In short, I’ve gotten into the habit of searching for cute lake cottages on Airbnb, then searching for fun attractions in the surrounding areas of the ones I like most, planning faux-vacations in my head that I’ll never actually shell out for.
It may sound like I’m a little psycho for placing myself into literal fantasies to cheer myself up about my lack of ability to take a real vacation. But it isn’t just me.
In fact, last year, I read a Huffington Post article that low-key changed my life, called “The Happiest Part Of Your Vacation Isn’t What You Think.”
In the article, author Carla Herreria explains a phenomenon which I’ve always known to be true, but have never quite been able to describe. Basically, studies are showing that the happiest and most enjoyable part of a vacation is simply planning it.
Take a look at the article if you don’t believe me. But seriously, it is not at all surprising.
When I look back over the trips I’ve taken, as fun as they’ve all been, I’ve definitely had a ton of fun planning and anticipating them -– possibly more fun than even being on the actual trip.
I also think back on all of the summer days I spent in the library with my college boyfriend looking through travel books, guides, and maps, trying to plan the backpacking trip we’d take “someday” when we had money, or the Disney World trip we’d take to commemorate our graduation. I remember sitting with friends in the high school cafeteria planning imaginary trips to Costa Rica and France, making fantasy lists of all the things we’d do there.
And you know what? It was a lot more fun than a lot of the stress that traveling (and paying for travel) can put on you.
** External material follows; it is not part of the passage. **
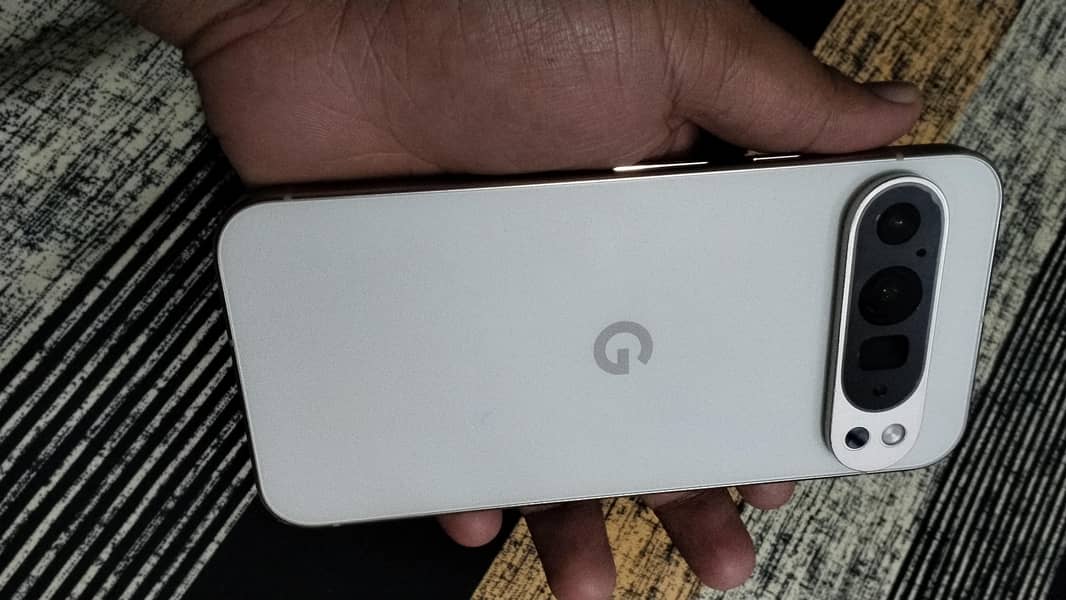 Google Pixel 9 Pro XL 1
Maybe I’m biased as someone who genuinely loves the idea of travel, and certainly loves a good vacation, but isn’t exactly as ~adventurous~ as I could be. I love the idea of traveling the world; I love fantasizing about it, reading books about it, and even faux-planning it. But when it comes down to it, I’m happiest when I’m close to my hometown, and often feel homesick and sad about dropping hundreds of dollars to go on a trip that ultimately left me missing home.
I know this isn’t the case for everyone –- it seems like more people than ever have been bitten by the travel bug, and it is wonderful to plan real trips, and enjoy going on them when you can actually afford it.
But if you’re like me, with a bank statement that is constantly reminding you that a real trip may not be in the cards this summer, consider some faux-planning.
Go on Airbnb and find your dream Lake Tahoe cabin that you’d never be able to rally up enough friends to actually split the cost with and afford. Watch Disney vacation videos that give you a behind-the-scenes look at every ride and attraction, and excitedly think about the ones you’d want to go on if you were there. Watch House Hunters International and imagine how freaking incredible it would be if you were in the market for a beach house in Ecuador. Google “Beach Houses In Ecuador” and see what’s out there -– for all your search engine knows, you’re in the financial position to buy a vacation home.
And maybe, just maybe, if you distract yourself from scraping together bills and taking yourself on a sub-par vacation this summer by fake-planning your dream one and getting yourself excited about it, you’ll be able to put away those bills this summer, and keep them safe until next summer, when you might be able to actually afford it.
The happiest part of your vacation may not be what you think -– the happiest part of your vacation may not be having one at all. And someday, the happiest part of your vacation will be lying on the beach outside of your vacation house in Ecuador, thanking the universe that you ignored your impulses, faux-planned, and saved enough to get here.